ME:: is programming with local LLM inference better or worse a year later? My guess is (based on Simon Willison) that it's a wee bit better ; Chris Wellons:: November 10, 2024:: Everything I've learned so far about running local LLMs ; 'I really tried, but never saw LLM output beyond 2–3 lines of code which I would consider acceptable.'

Discovered: Oct 13, 2025 18:59 (UTC) ME:: is programming with local LLM inference better or worse a year later? My guess is (based on Simon Willison) that it’s a wee bit better ; Chris Wellons:: November 10, 224:: Everything I’ve learned so far about running local LLMs

QUOTE:

Read the whole thing: Chris Wellons:: November 10, 224:: Everything I’ve learned so far about running local LLMs

The next group are “coder” models trained for programming. In particular, they have fill-in-the-middle (FIM) training for generating code inside an existing program. I’ll discuss what that entails in a moment. As far as I can tell, they’re no better at code review nor other instruct-oriented tasks. It’s the opposite: FIM training is done in the base model, with instruct training applied later on top, so instruct works against FIM! In other words, base model FIM outputs are markedly better, though you lose the ability to converse with them.

…

Third, LLMs are poor programmers.
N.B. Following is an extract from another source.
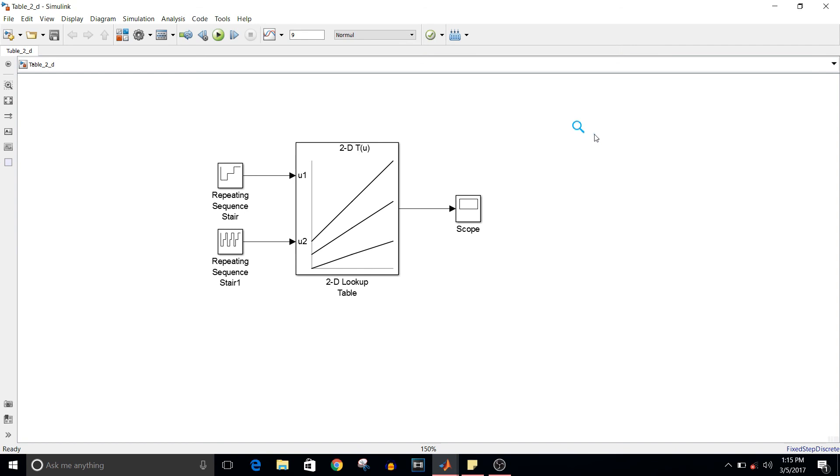This is how to access two-dimensional table.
At best they write code at maybe an undergraduate student level who’s read a lot of documentation. That sounds better than it is. The typical fresh graduate enters the workforce knowing practically nothing about software engineering. Day one on the job is the first day of their real education. In that sense, LLMs today haven’t even begun their education.

To be fair, that LLMs work as well as they do is amazing! Thrown into the middle of a program in my unconvential style, LLMs figure it out and make use of the custom interfaces. (Caveat: My code and writing is in the training data of most of these LLMs.) So the more context, the better, within the effective context length. The challenge is getting something useful out of an LLM in less time than writing it myself.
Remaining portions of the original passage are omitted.